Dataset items
• • • • •
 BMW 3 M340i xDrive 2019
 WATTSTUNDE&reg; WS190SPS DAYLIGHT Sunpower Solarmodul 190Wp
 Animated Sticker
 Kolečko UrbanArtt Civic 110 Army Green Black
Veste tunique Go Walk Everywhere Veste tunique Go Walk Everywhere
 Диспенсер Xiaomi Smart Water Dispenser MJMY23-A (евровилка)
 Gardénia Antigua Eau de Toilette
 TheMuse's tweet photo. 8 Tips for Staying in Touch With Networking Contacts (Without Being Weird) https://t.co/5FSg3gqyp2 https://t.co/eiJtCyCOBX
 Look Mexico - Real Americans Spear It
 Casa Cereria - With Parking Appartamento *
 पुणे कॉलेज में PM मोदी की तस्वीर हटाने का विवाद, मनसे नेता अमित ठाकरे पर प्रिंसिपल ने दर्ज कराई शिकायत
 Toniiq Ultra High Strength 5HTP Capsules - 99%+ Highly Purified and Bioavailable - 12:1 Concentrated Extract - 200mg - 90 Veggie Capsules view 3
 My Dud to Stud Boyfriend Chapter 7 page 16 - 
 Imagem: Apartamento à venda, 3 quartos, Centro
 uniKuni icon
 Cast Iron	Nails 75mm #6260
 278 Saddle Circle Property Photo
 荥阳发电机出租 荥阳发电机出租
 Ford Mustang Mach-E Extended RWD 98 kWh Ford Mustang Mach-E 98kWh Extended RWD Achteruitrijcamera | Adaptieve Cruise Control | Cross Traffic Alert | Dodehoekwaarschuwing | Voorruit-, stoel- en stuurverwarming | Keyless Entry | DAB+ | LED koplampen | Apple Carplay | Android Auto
• • • • •
* _WORK INSTRUCTION_
The expected output is the run of lines from the one holding "uniKuni icon" to the last line of the entries above, each reproduced character for character.

* _ANSWER FOR THE TASK_
 uniKuni icon
 Cast Iron	Nails 75mm #6260
 278 Saddle Circle Property Photo
 荥阳发电机出租 荥阳发电机出租
 Ford Mustang Mach-E Extended RWD 98 kWh Ford Mustang Mach-E 98kWh Extended RWD Achteruitrijcamera | Adaptieve Cruise Control | Cross Traffic Alert | Dodehoekwaarschuwing | Voorruit-, stoel- en stuurverwarming | Keyless Entry | DAB+ | LED koplampen | Apple Carplay | Android Auto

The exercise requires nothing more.